:: MATERIAL PROVIDED ::
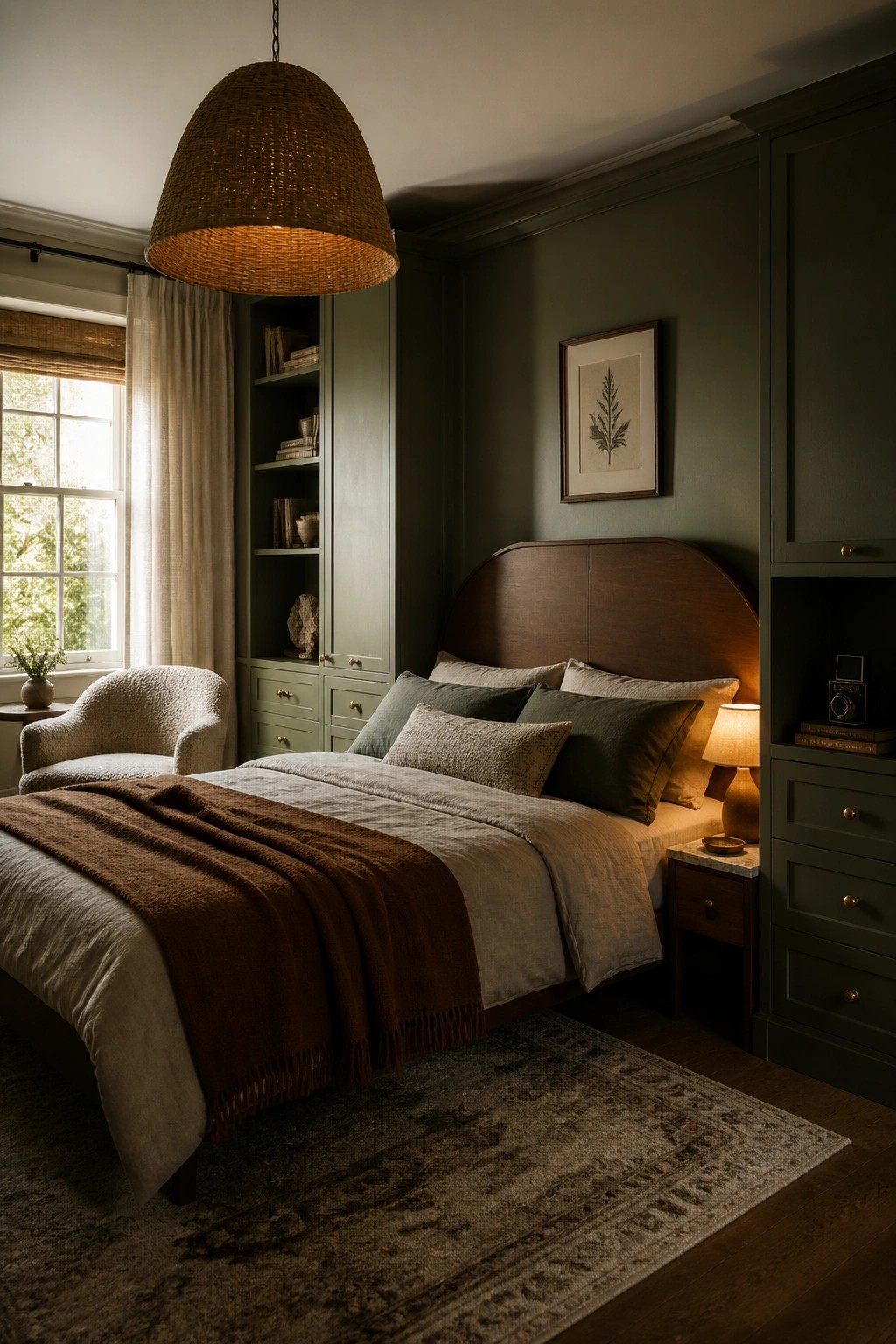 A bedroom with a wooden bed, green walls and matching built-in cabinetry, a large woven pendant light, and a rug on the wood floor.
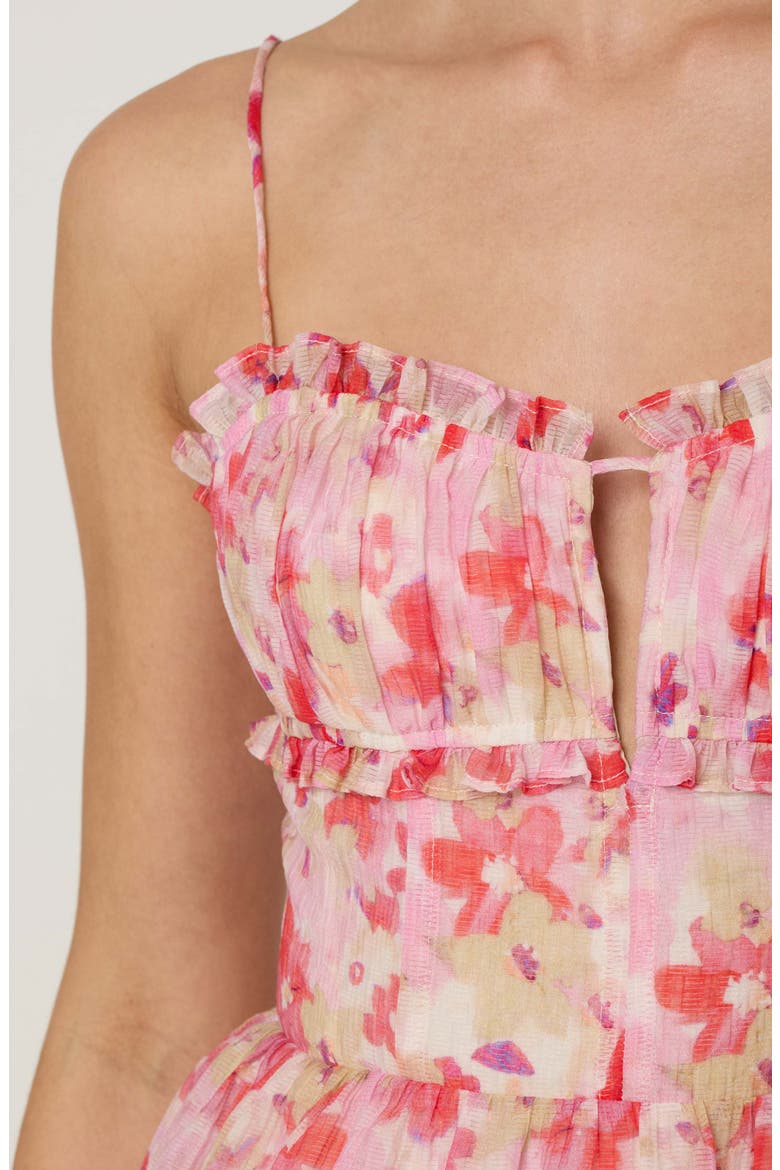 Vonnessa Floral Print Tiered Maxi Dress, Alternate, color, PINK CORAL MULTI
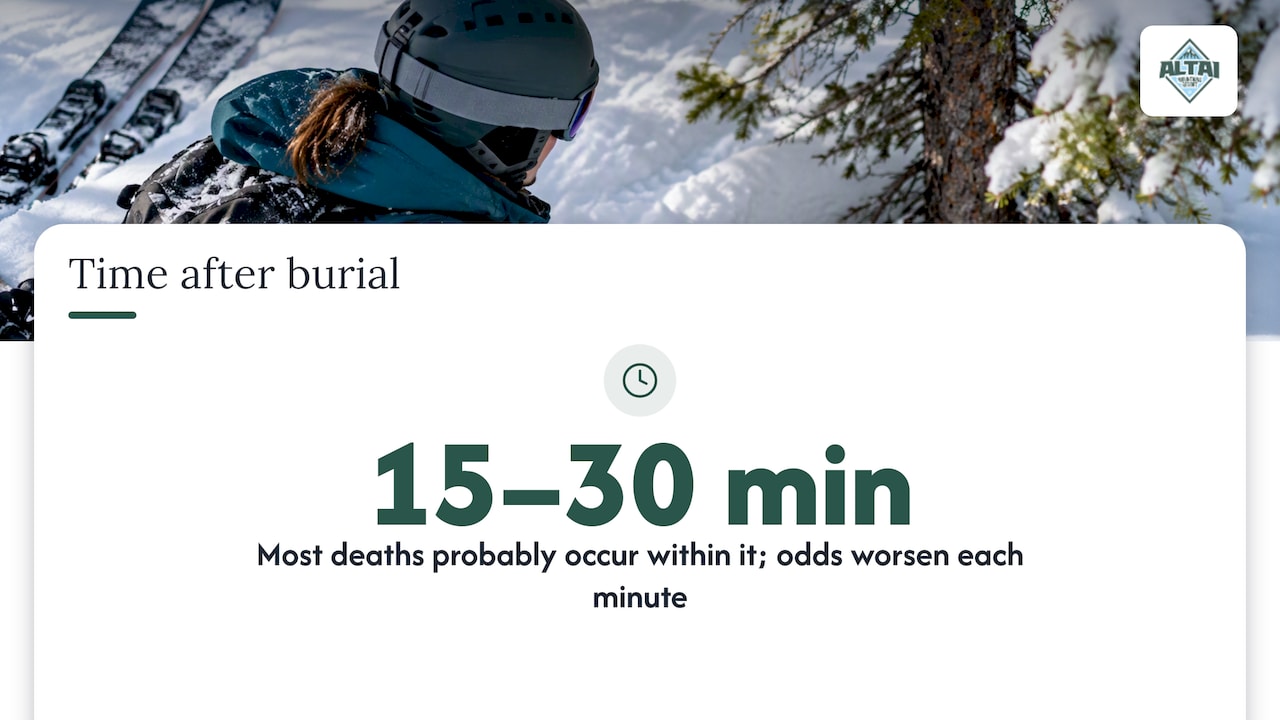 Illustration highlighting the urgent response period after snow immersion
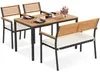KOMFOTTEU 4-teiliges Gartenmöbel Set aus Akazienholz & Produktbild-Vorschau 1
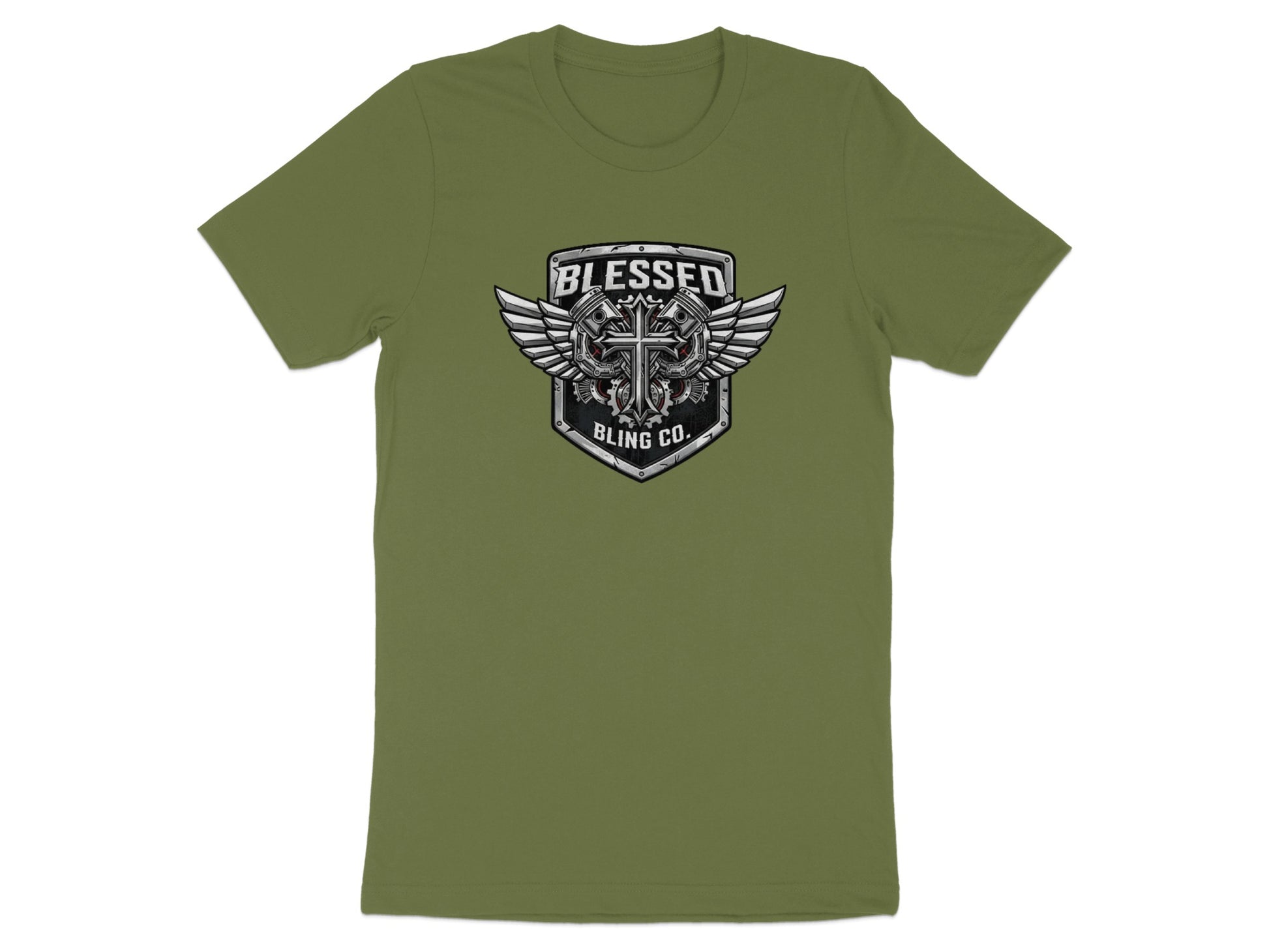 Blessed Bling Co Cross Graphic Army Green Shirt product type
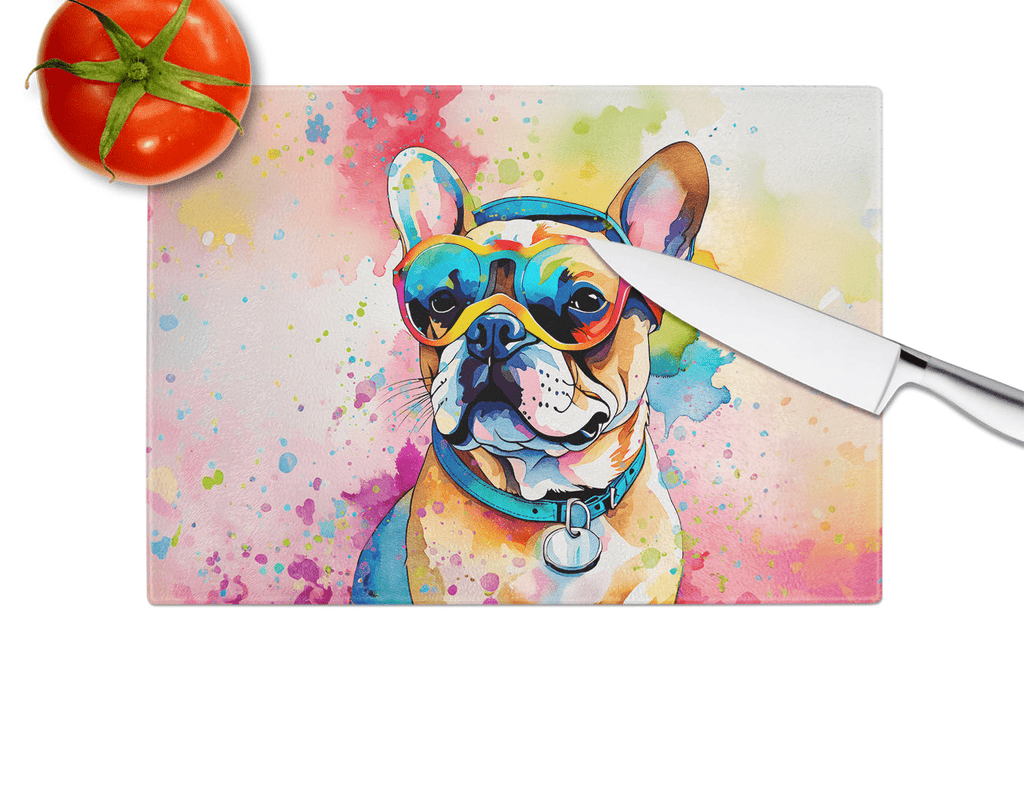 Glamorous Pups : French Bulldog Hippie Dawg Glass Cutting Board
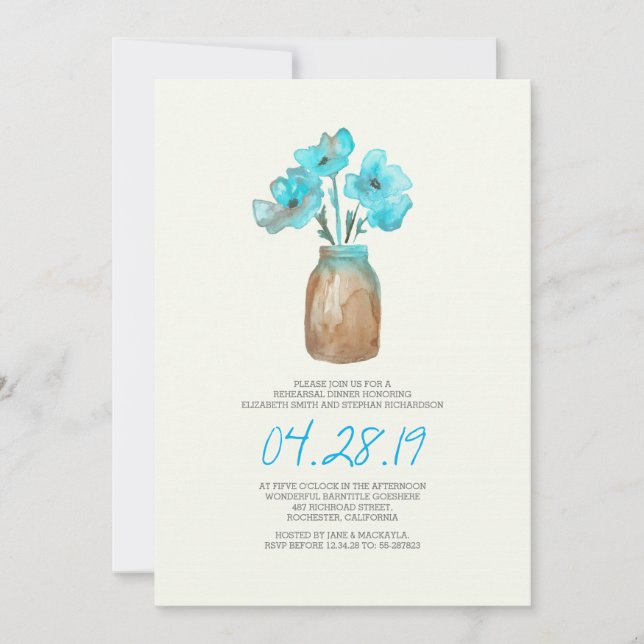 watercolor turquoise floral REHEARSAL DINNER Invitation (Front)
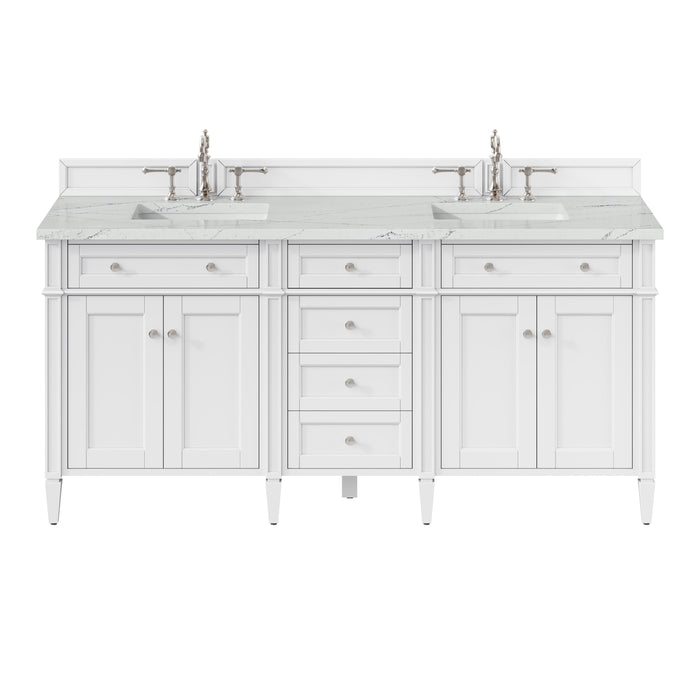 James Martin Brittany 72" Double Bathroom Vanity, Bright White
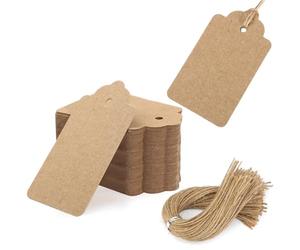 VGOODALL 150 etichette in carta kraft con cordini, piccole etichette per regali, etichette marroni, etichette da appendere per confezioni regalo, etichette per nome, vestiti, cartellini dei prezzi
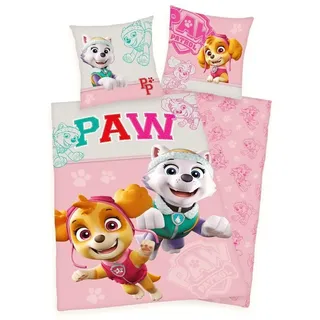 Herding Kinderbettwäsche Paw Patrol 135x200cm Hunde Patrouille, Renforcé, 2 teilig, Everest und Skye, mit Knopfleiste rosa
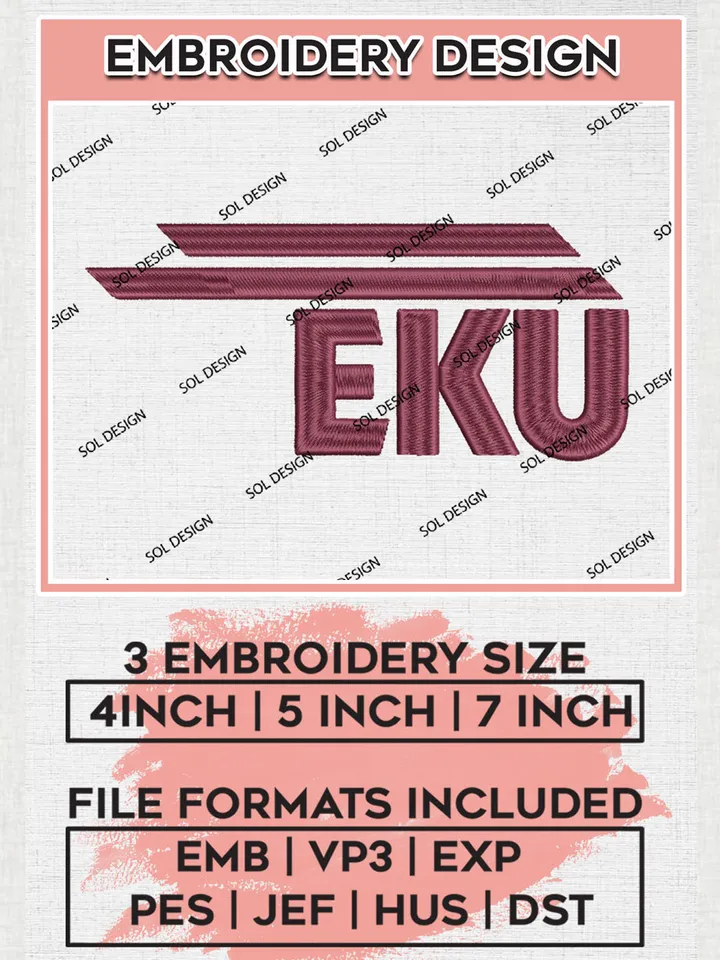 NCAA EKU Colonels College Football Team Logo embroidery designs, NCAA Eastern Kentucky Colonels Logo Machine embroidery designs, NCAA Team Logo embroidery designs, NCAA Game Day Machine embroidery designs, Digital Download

:: WHAT IS BEING ASKED ::
Could you restate exactly the lines from the line containing "James Martin Brittany" through the end of the listing, both ends included and nothing else, leaving the images out?

:: WRITTEN SOLUTION ::
 James Martin Brittany 72" Double Bathroom Vanity, Bright White
 VGOODALL 150 etichette in carta kraft con cordini, piccole etichette per regali, etichette marroni, etichette da appendere per confezioni regalo, etichette per nome, vestiti, cartellini dei prezzi
 Herding Kinderbettwäsche Paw Patrol 135x200cm Hunde Patrouille, Renforcé, 2 teilig, Everest und Skye, mit Knopfleiste rosa
 NCAA EKU Colonels College Football Team Logo embroidery designs, NCAA Eastern Kentucky Colonels Logo Machine embroidery designs, NCAA Team Logo embroidery designs, NCAA Game Day Machine embroidery designs, Digital Download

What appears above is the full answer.